» THE DATA
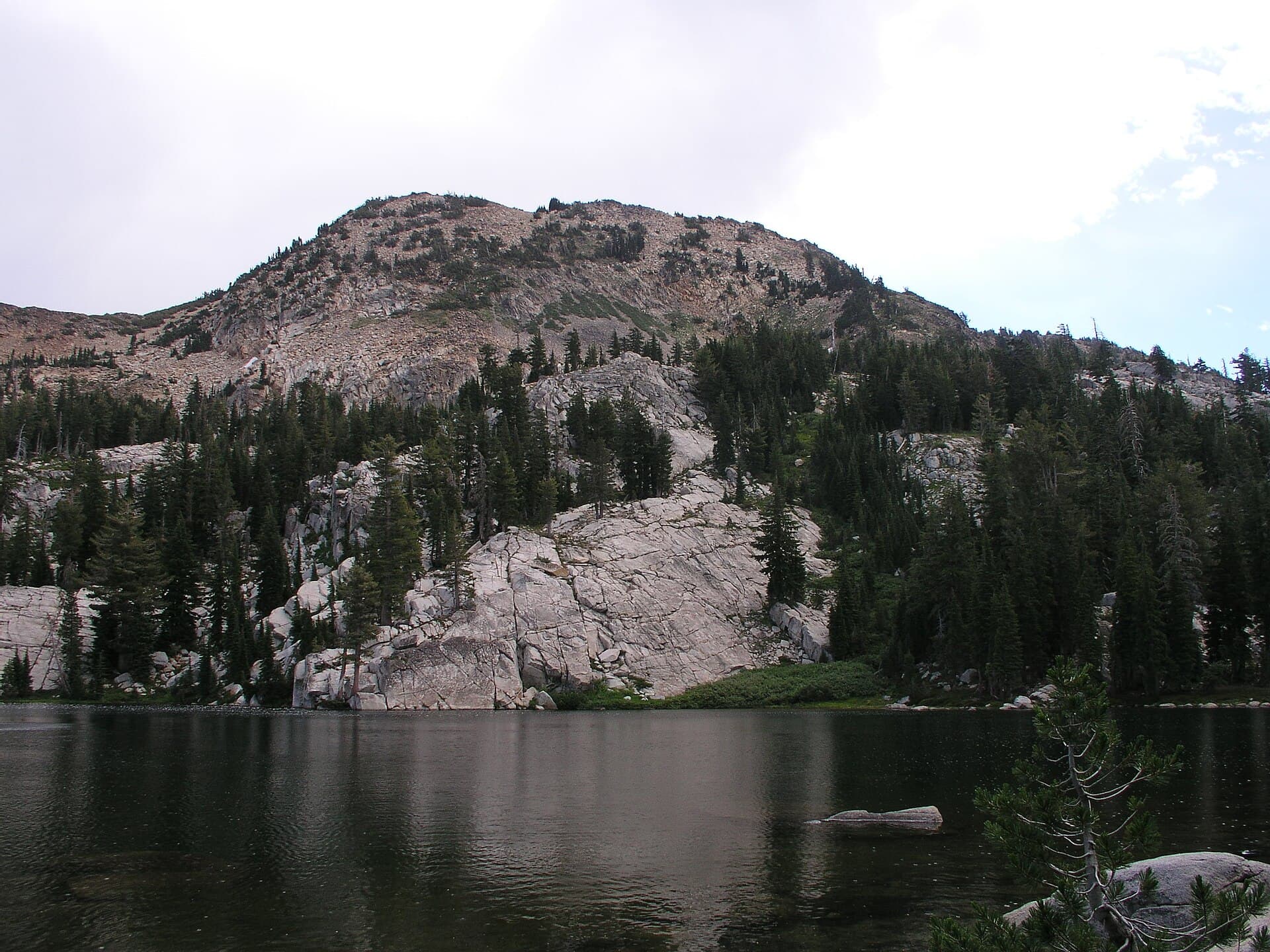 Desolation Wilderness Permit — Red Peak permit area in Desolation Wilderness - backcountry hiking destination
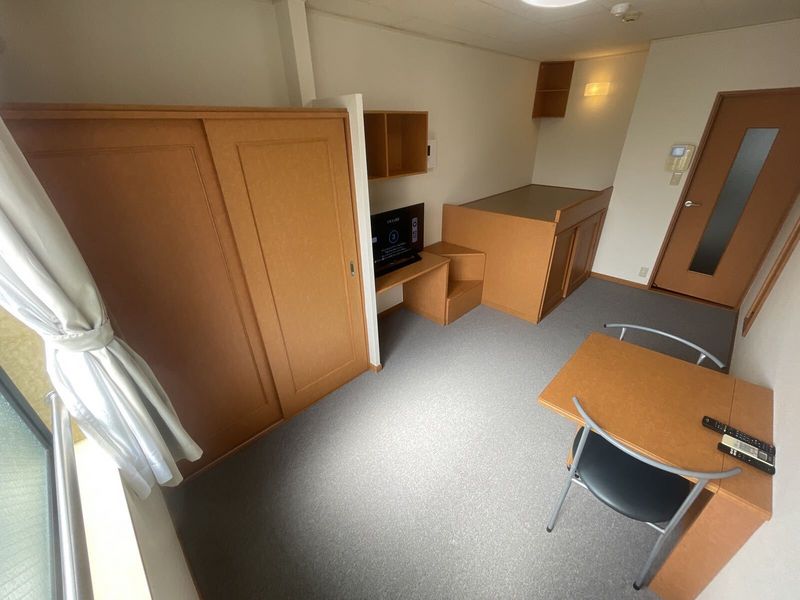 レオパレスルシェルブル金岡 居間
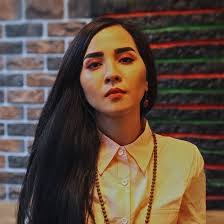 Colleen Cummins's Instagram, Twitter & Facebook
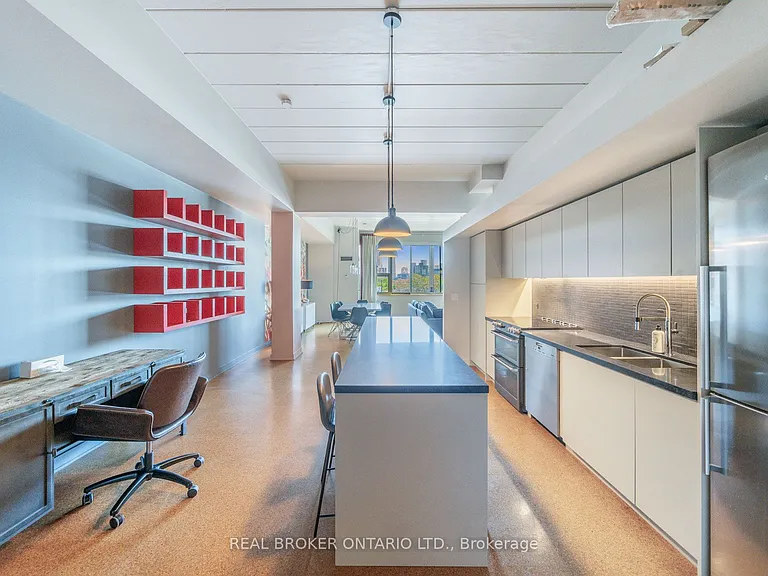160 Baldwin St #405 — Photo 16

» WORK REQUEST
Everything from the line that contains "Colleen Cummins's Instagram, Twitter" to the final line of the data is to be duplicated exactly, both ends included, except the pictures.

» FINISHED EXERCISE
 Colleen Cummins's Instagram, Twitter & Facebook
160 Baldwin St #405 — Photo 16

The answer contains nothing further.